Transcribe the entries exactly as they stand below, passing over any picture.

Input data section start

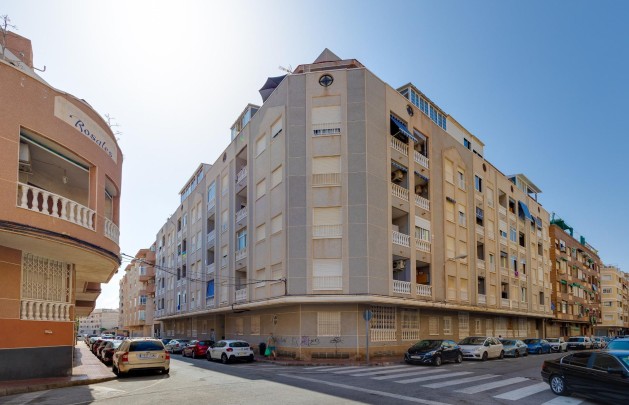Resale - Apartment / flat - Torrevieja - Habaneras
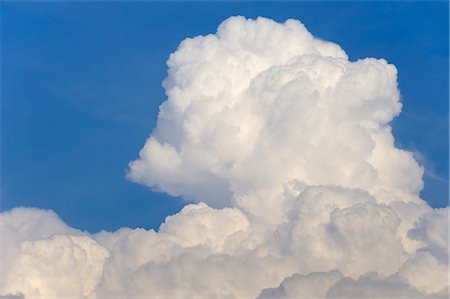 Cumulonimbus Cloud and Blue Sky Foto de stock - Sin royalties Premium, Código: 600-03171605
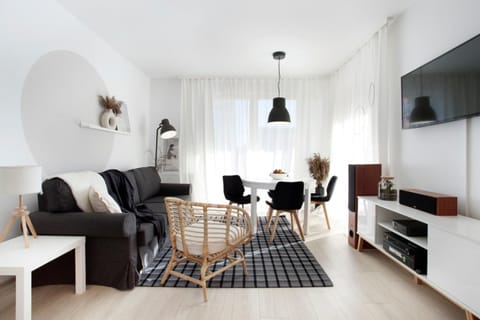 Living room, Seating area, Dining area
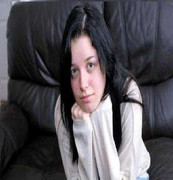 Nữ sinh đáng yêu có trái tim bị thủng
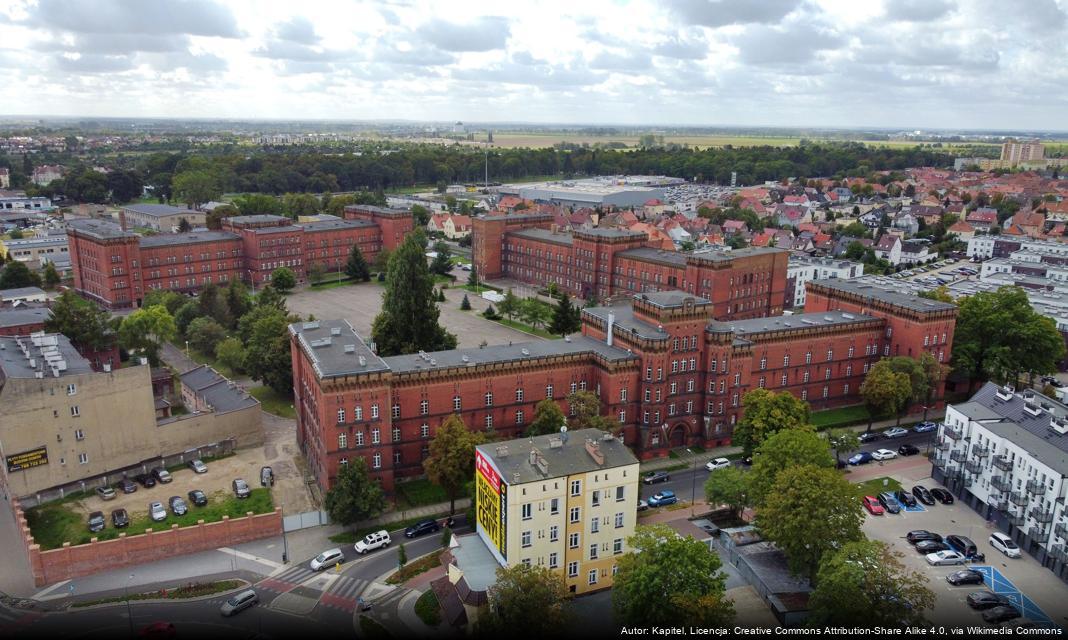 Budowa napisu 3D promującego Stargard w Parku Jagiellońskim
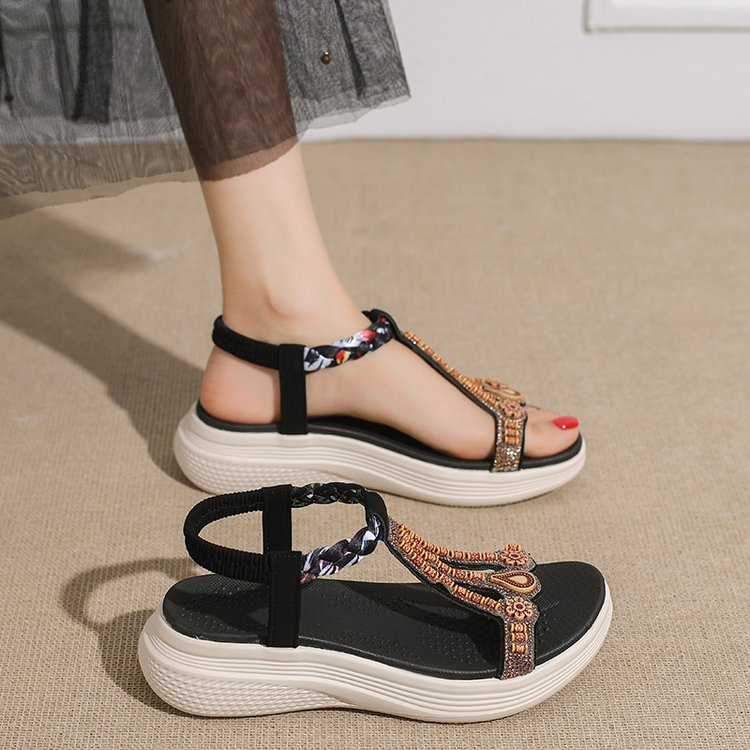 Damen Bequeme Sandalen mit dekorativen Verzierungen R&B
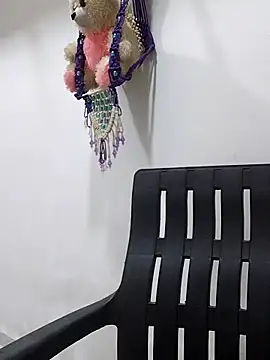 Snapshot of sneha_bebo chatting on 11-23-25, 03:34 sneha bebo online show from 11-23-25, 03:34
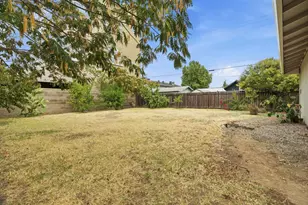 419 E St, Galt, CA 95632 - Photo 13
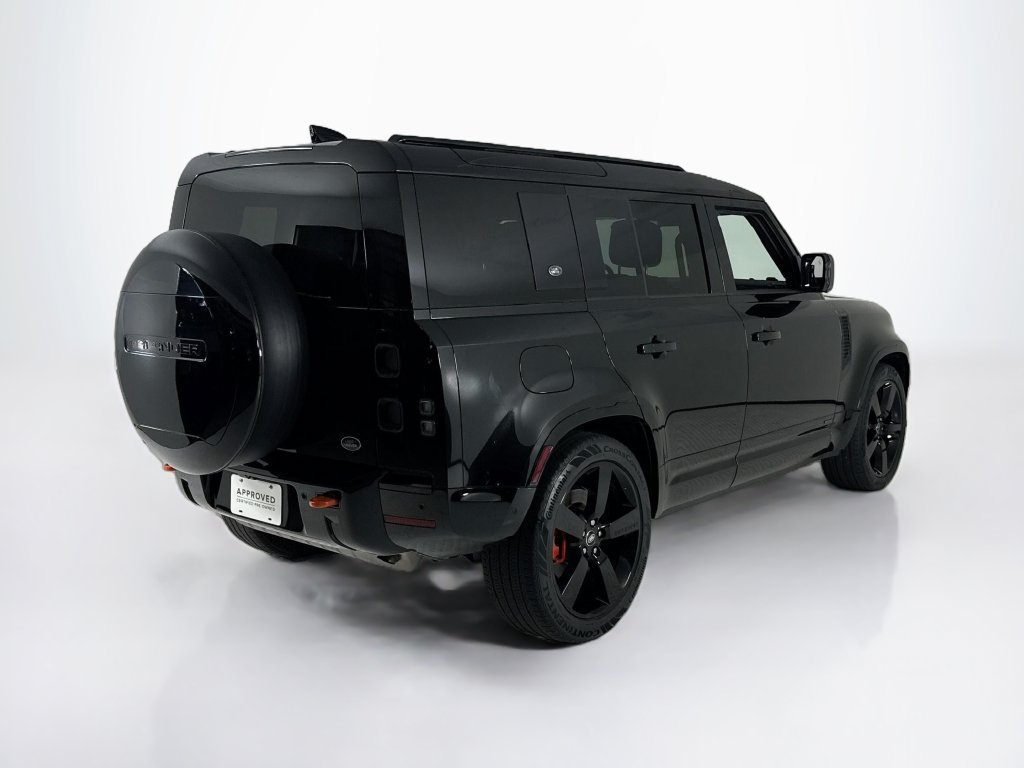 Used 2023 Land Rover Defender 110 X AWD/4WD image 5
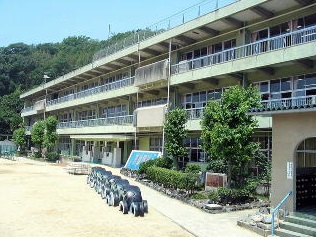 小学校　倉敷市立連島西浦小学校（小学校）まで643m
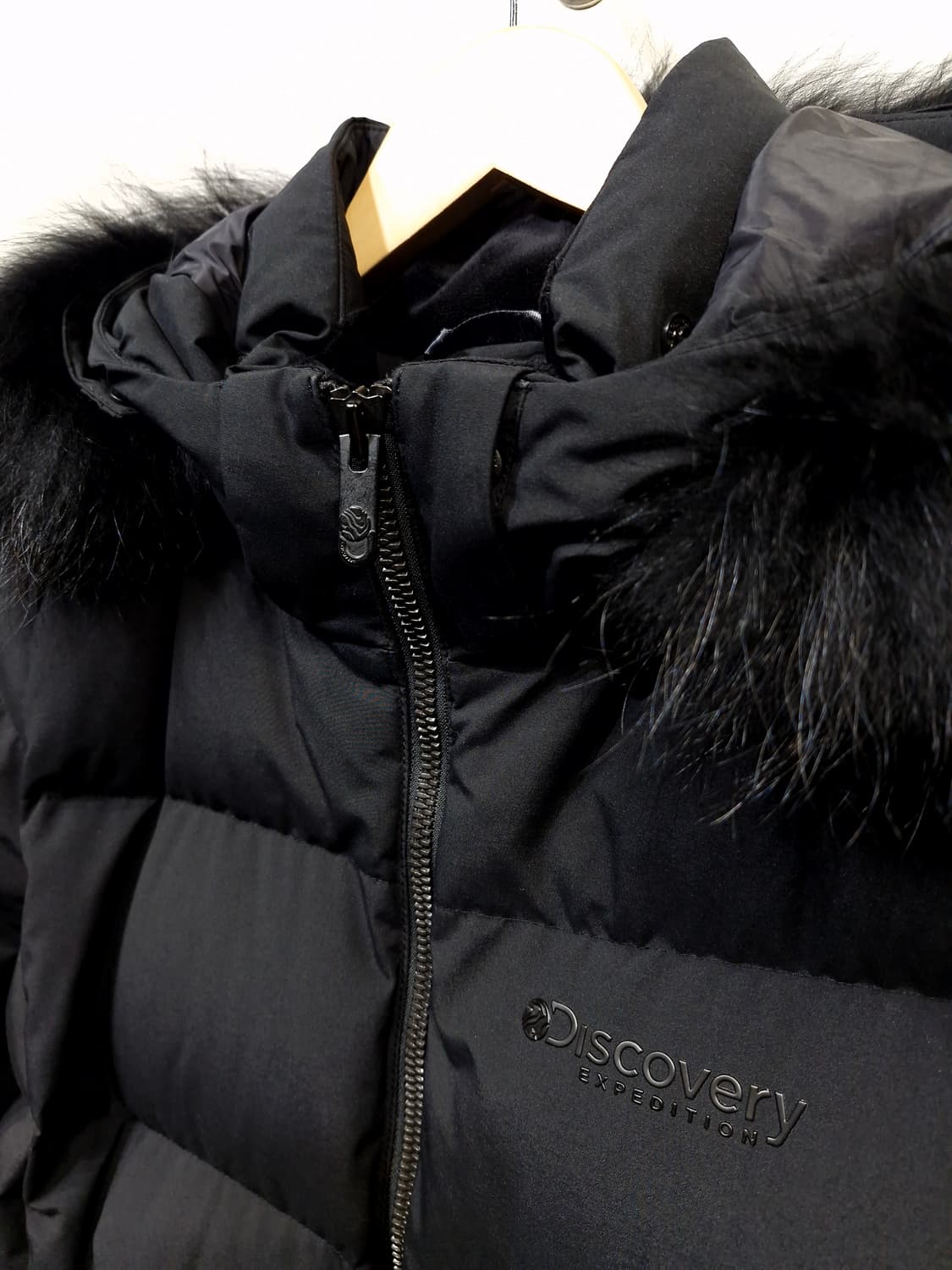 디스커버리 벨티드 라쿤퍼 후드 구스다운 롱패딩(95) 상품이미지4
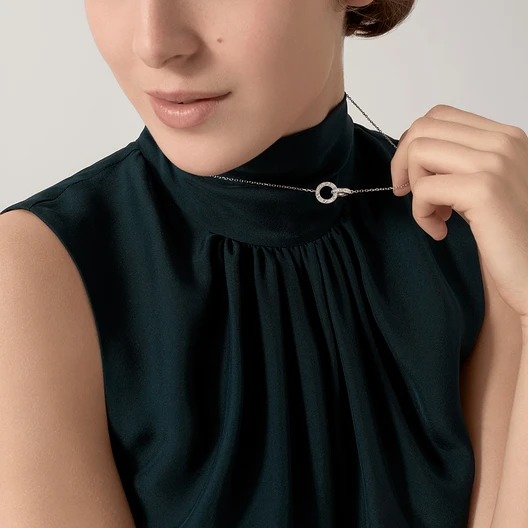 LOVE NECKLACE CARTIER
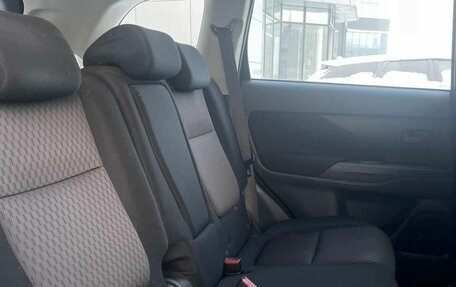 Mitsubishi Outlander III рестайлинг 3, 2014 год, 1 360 000 рублей, 17 фотография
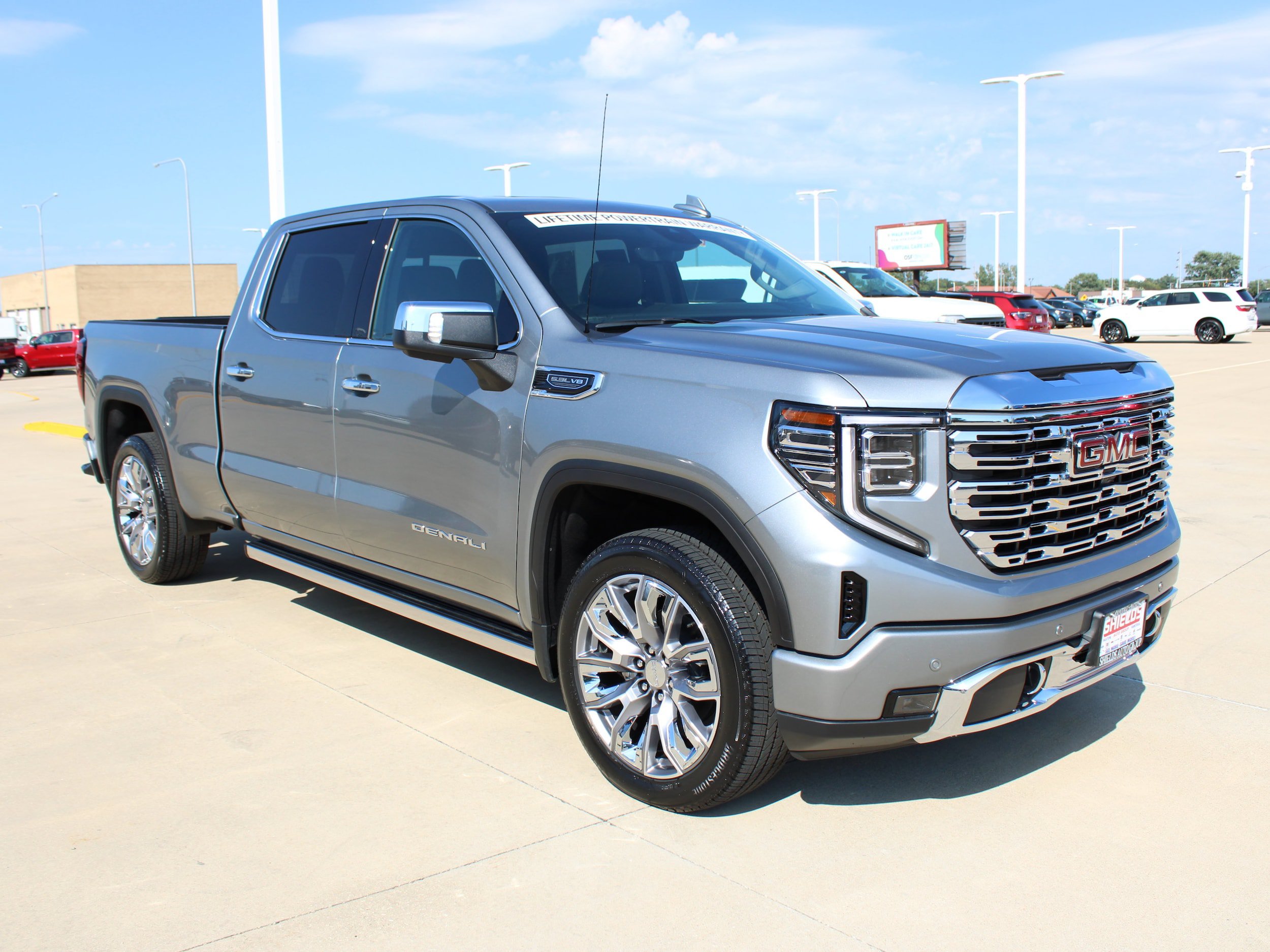 Used 2026 GMC Sierra 1500 Denali w/ Denali Reserve Package AWD/4WD image 11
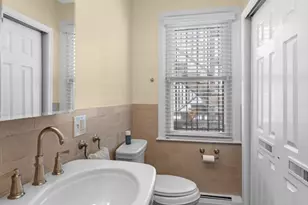 139 W 6th, Boston, MA 02127 - Photo 16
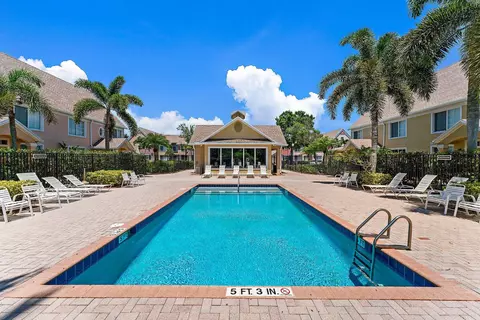1647 SE Pomeroy St, Stuart, FL 34997 photo 1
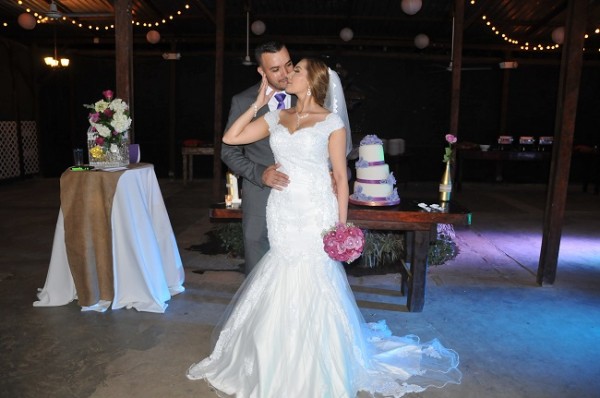 Fue una noche mágica para esta encantadora pareja. Carlos y Erika celebraron su boda rodeados del impresionante paisaje de Angeli Garden´s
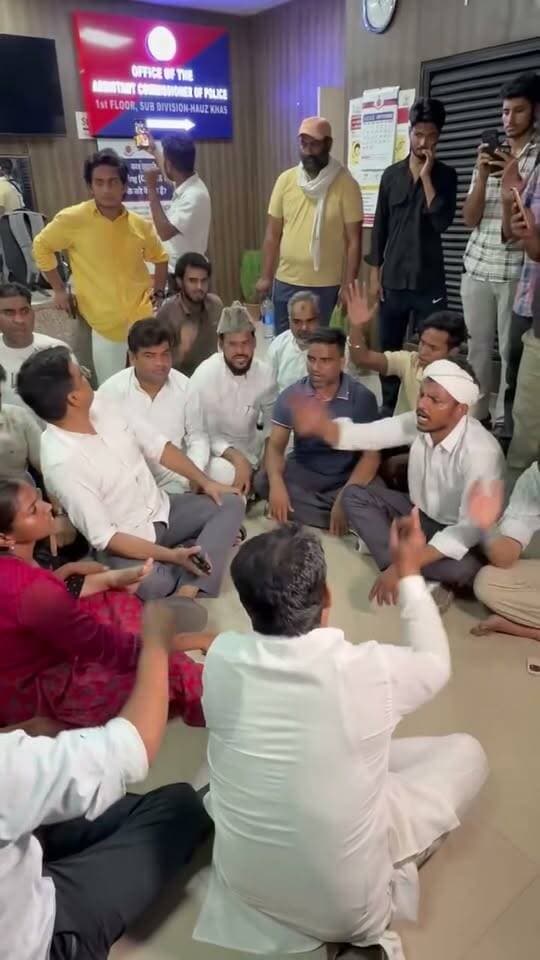 दिल्ली पुलिस पर गंभीर आरोप! साकेत इलाके में महिला पत्रकारों को कमरे में बंद कर पीटने की सनसनीखेज घटना सामने आई है। 🚨 मामले में देर रात तक FIR दर्ज न होने से गुस्साए वकीलों और समर्थकों ने साकेत थाने में जोरदार प्रदर्शन शुरू कर दिया है। शुरुआत में ACP ने सख्त कार्रवाई का आश्वासन दिया था, लेकिन अब पुलिस अधिकारी जवाबदेही से बचते नजर आ रहे हैं—न SHO सामने आ रहे हैं और न ही ACP। पुलिस के इस ढुलमुल रवैये के खिलाफ महिला पत्रकारों के समर्थन में आए लोग थाने के भीतर ही धरने पर बैठ गए हैं। ⚖️✊ #delhipolice #saketpolicestation #JusticeForJournalists #womensafety #protest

Input data section end

Task answer –
Resale - Apartment / flat - Torrevieja - Habaneras
 Cumulonimbus Cloud and Blue Sky Foto de stock - Sin royalties Premium, Código: 600-03171605
 Living room, Seating area, Dining area
 Nữ sinh đáng yêu có trái tim bị thủng
 Budowa napisu 3D promującego Stargard w Parku Jagiellońskim
 Damen Bequeme Sandalen mit dekorativen Verzierungen R&B
 Snapshot of sneha_bebo chatting on 11-23-25, 03:34 sneha bebo online show from 11-23-25, 03:34
 419 E St, Galt, CA 95632 - Photo 13
 Used 2023 Land Rover Defender 110 X AWD/4WD image 5
 小学校　倉敷市立連島西浦小学校（小学校）まで643m
 디스커버리 벨티드 라쿤퍼 후드 구스다운 롱패딩(95) 상품이미지4
 LOVE NECKLACE CARTIER
 Mitsubishi Outlander III рестайлинг 3, 2014 год, 1 360 000 рублей, 17 фотография
 Used 2026 GMC Sierra 1500 Denali w/ Denali Reserve Package AWD/4WD image 11
 139 W 6th, Boston, MA 02127 - Photo 16
1647 SE Pomeroy St, Stuart, FL 34997 photo 1
 Fue una noche mágica para esta encantadora pareja. Carlos y Erika celebraron su boda rodeados del impresionante paisaje de Angeli Garden´s
 दिल्ली पुलिस पर गंभीर आरोप! साकेत इलाके में महिला पत्रकारों को कमरे में बंद कर पीटने की सनसनीखेज घटना सामने आई है। 🚨 मामले में देर रात तक FIR दर्ज न होने से गुस्साए वकीलों और समर्थकों ने साकेत थाने में जोरदार प्रदर्शन शुरू कर दिया है। शुरुआत में ACP ने सख्त कार्रवाई का आश्वासन दिया था, लेकिन अब पुलिस अधिकारी जवाबदेही से बचते नजर आ रहे हैं—न SHO सामने आ रहे हैं और न ही ACP। पुलिस के इस ढुलमुल रवैये के खिलाफ महिला पत्रकारों के समर्थन में आए लोग थाने के भीतर ही धरने पर बैठ गए हैं। ⚖️✊ #delhipolice #saketpolicestation #JusticeForJournalists #womensafety #protest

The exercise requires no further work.